Фрида выслушивала такие филиппики с демонстративно спокойным, почти скучающим видом.
— Ах, ах! Сколько благородного негодования, — говорила она насмешливо. — Ты так горячишься, словно я собственными руками хочу задушить эту несчастную женщину. Пойми же, наконец! Все, что ты говоришь — уловки буржуазного прекраснодушия. Встань на научную точку зрения и задайся вопросом: каково будущее таких, как твоя хозяйка? Лишь единицы из мелкой буржуазии смогут разбогатеть, стать средними и крупными капиталистами, а большинство окончательно разорится и пополнит ряды пролетариата. Оттого что ты будешь лить слезы по твоей Ривке, ничего не изменится, ибо таков ход истории. Будущее принадлежит тому классу, которому нечего терять, кроме цепей. Ривке пока еще есть что терять, и потому она обречена. Кстати, при всей ее бедности, ей все же не следовало бы заставлять тебя постоянно дрожать от холода. Я бы на твоем месте ей об этом сказала. Но ты ведь очень «деликатный», тебе «неудобно»… Мерзнуть тебе удобнее.
Пинхус не всегда находил, что возразить, но внутри у него все сопротивлялось холодной фридиной логике.
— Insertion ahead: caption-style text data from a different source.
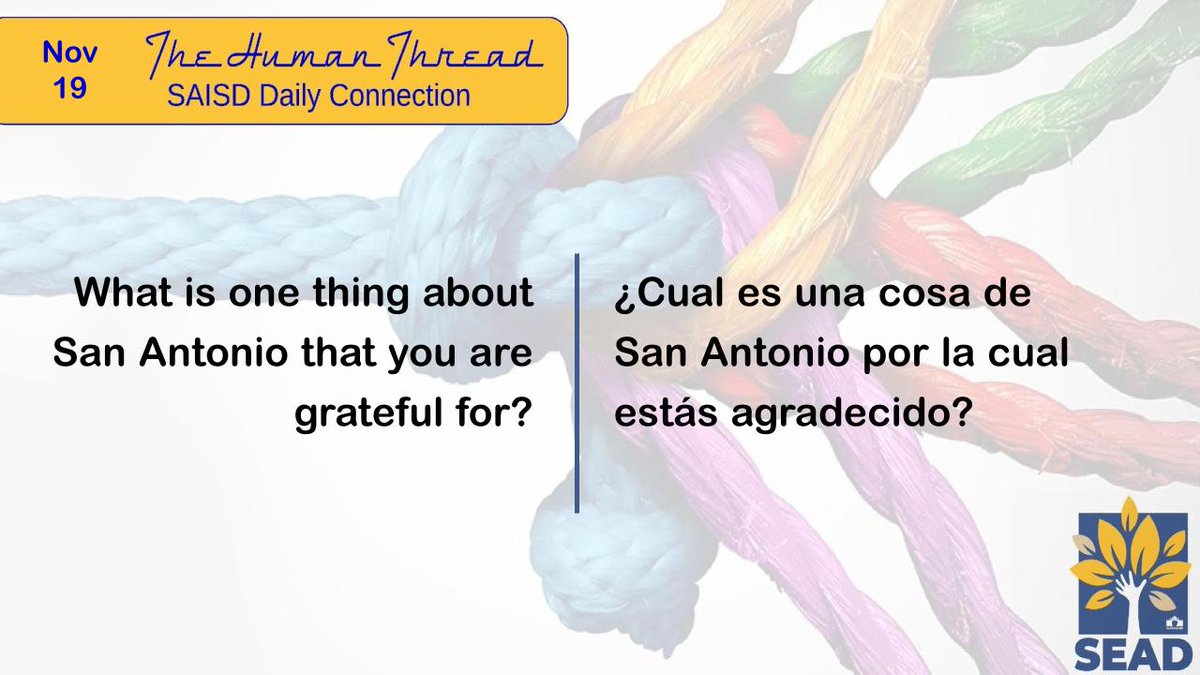 SAISD_SEAD's tweet photo. Good Morning @SAISD! It's Fri-Yay! What is one thing about San Antonio that you are grateful for? #TheHumanThread
@PattiSalzmann @SAISD_Counselor @SAISD_AVID @SAISD_CI @SAISD_FSSS https://t.co/CmpJJY7zk4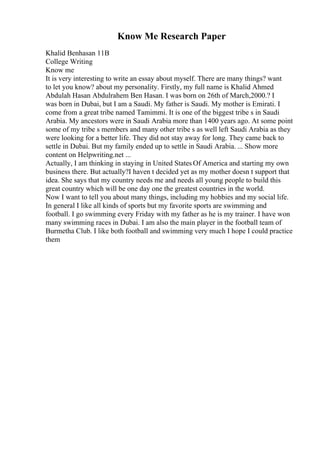 Know Me Research Paper
Khalid Benhasan 11B
College Writing
Know me
It is very interesting to write an essay about myself. There are many things? want
to let you know? about my personality. Firstly, my full name is Khalid Ahmed
Abdulah Hasan Abdulrahem Ben Hasan. I was born on 26th of March,2000.? I
was born in Dubai, but I am a Saudi. My father is Saudi. My mother is Emirati. I
come from a great tribe named Tamimmi. It is one of the biggest tribe s in Saudi
Arabia. My ancestors were in Saudi Arabia more than 1400 years ago. At some point
some of my tribe s members and many other tribe s as well left Saudi Arabia as they
were looking for a better life. They did not stay away for long. They came back to
settle in Dubai. But my family ended up to settle in Saudi Arabia. ... Show more
content on Helpwriting.net ...
Actually, I am thinking in staying in United States Of America and starting my own
business there. But actually?I haven t decided yet as my mother doesn t support that
idea. She says that my country needs me and needs all young people to build this
great country which will be one day one the greatest countries in the world.
Now I want to tell you about many things, including my hobbies and my social life.
In general I like all kinds of sports but my favorite sports are swimming and
football. I go swimming every Friday with my father as he is my trainer. I have won
many swimming races in Dubai. I am also the main player in the football team of
Burmetha Club. I like both football and swimming very much I hope I could practice
them
 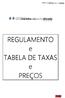 REGULAMENTO e TABELA DE TAXAS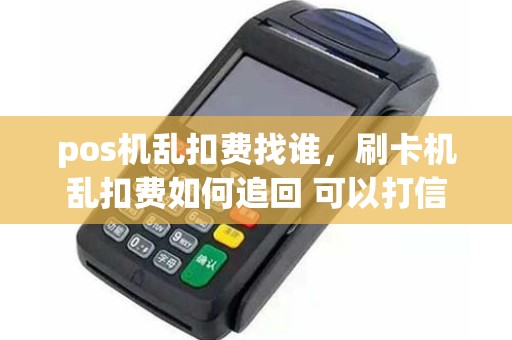 pos机乱扣费找谁，刷卡机乱扣费如何追回 可以打信用卡客服么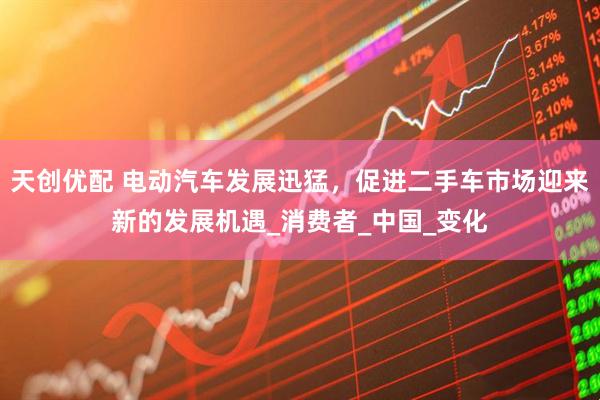 天创优配 电动汽车发展迅猛，促进二手车市场迎来新的发展机遇_消费者_中国_变化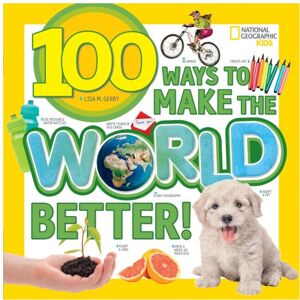 100 Ways to Make the World Better by National Geographic KidsGerry & Lisa M 100 Ways to Make the World Better by National Geographic KidsGerry & Lisa M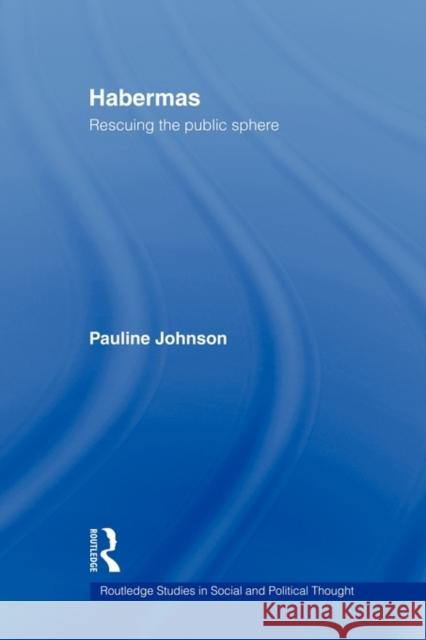 Habermas: Rescuing the Public Sphere Johnson, Pauline 9780415543743 Routledge
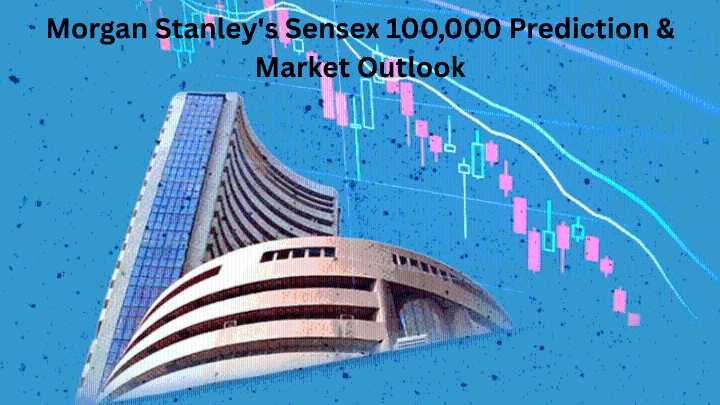 Morgan Stanley predicts Sensex to hit 100,000: India Stock Market outlook 2026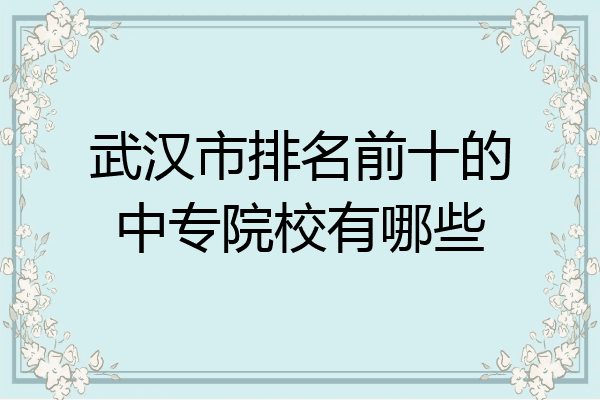 武汉市排名前十的中专院校有哪些
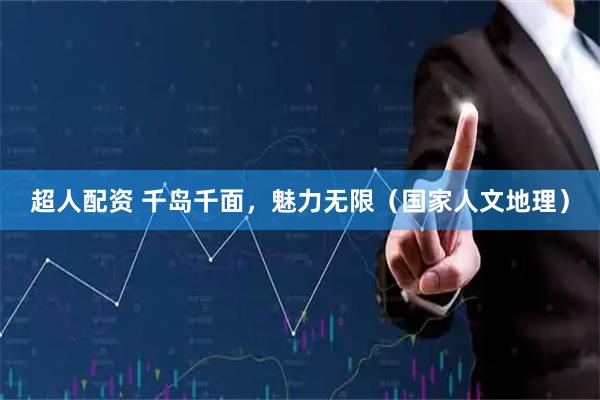 超人配资 千岛千面，魅力无限（国家人文地理）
— Хорошо, пусть будет так. Пусть то, что ты говоришь, и есть единственно верная, научная точка зрения. Но сколько же в России этого самого пролетариата? Большинство населения — крестьяне. Кто побогаче, кто победнее, но каждая крестьянская семья имеет свой надел, рабочий скот, инвентарь, то есть принадлежит к той же мелкой буржуазии, по твоим понятиям. А в городах? Много ли заводских рабочих в Ковеле?
Но у Фриды был готов ответ на любые возражения.
— Россия страна отсталая, в ней еще сильны феодальные пережитки, — отвечала она не задумываясь. — Капитализм только начал зарождаться, пролетариата пока немного, и он плохо организован. Но зато и буржуазия еще слабая. Поэтому, может быть, именно в России рабочему классу удастся сделать первый прорыв и начать мировую революцию…
Все кончилось между ними в тот день, когда известие о кишиневском бедствии перевернуло Пинхусу душу.
Фрида пришла к нему вечером, прикрыла за собой дверь и обвила его шею руками. Приподнялась, как обычно, на цыпочки, прильнула к его губам, а потом, резко отстранилась, загасила лампу и начала раздеваться.
Пинхус стоял как вкопанный и молча следил за ее привычными уверенными движениями, насколько их позволяла различать негустая темнота комнаты.
— Фрида! Ты сегодня читала газеты? — спросил Пинхус, когда она взялась за край одеяла, чтобы юркнуть в постель.
— Ты о Кишиневе? — Фрида обернула голову; ее белое ладное тело, слабо мерцавшее во мраке, застыло в полусогнутой позе. — Чего-либо подобного следовало ожидать. Власти нервничают и делают глупости. Но нам тоже придется сделать выводы. Надо будет разобраться, почему масса пошла за Крушеваном.
Фридина фигурка вздрогнула: она передернула плечами.
— Что-то сегодня особенно холодно у тебя. Видно, Ривка решила больше вообще не топить.
И она исчезла под толстым одеялом.
— И ты… ты можешь говорить об этом так спокойно? — охрипшим вдруг голосом спросил Пинхус в темноту.
— Что же мне — рвать на себе волосы? — в свою очередь сиро-сила она насмешливо.
И чуть помолчав, добавила нетерпеливо:
— Где же ты, Пинхус? Скорее согрей меня, мне холодно!..
Пинхус стоял не двигаясь и почти физически ощущая, как закипает в нем неистовая ярость. Неожиданная для суховатой Фриды игривость лишь взорвала его.